Violet is 15 months and while she does drink water, she drinks far more milk. She doesn't always nurse a lot during the day and she has her biggest nursing session in the evening before bed. Great timing, eh? She also nurses at night and in the morning. So, the evening/night time, is when Violet does a lot of her drinking.

P.S. it would be nice if "drinking" didn't have the connotation of alcohol.


----------



## sherylb

Kristin was drinking so much water after bedtime I had to start limiting what was in her cup so she wouldn't wet through her diaper after doing it several days in a row. :(


----------



## Zephram

I disagree that it's for attention, though I'm sure there are kids who do drink for that reason. I've always my entire life kept a glass of water by my bed at night and I have a few sips each time I wake up. I'm certainly not looking for attention! I really dislike having a dry mouth, and it's a very long night with a dry mouth for toddlers who can be in bed up to 12 hours. 

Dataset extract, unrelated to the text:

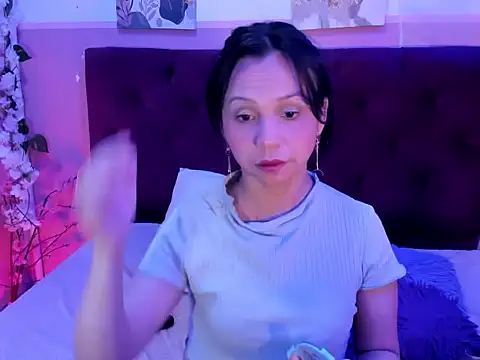 candysmitxxx online show from 03/07/26, 01:45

I don't really see why you'd need to limit it unless he was peeing through everything.


----------



## SarahBear

I always get criticized when I mention this, but the other thing you can do if pee is a problem, is to change the diaper. Violet has been in bed for the last 3 and a half hours and she has a dry diaper and there is pee in the potty from when she woke up about an hour or so ago. She may or may not pee again by the time I go to bed. If she does pee, she'll either wake up and I'll put her on the potty, or she won't wake up all the way and I'll change her diaper.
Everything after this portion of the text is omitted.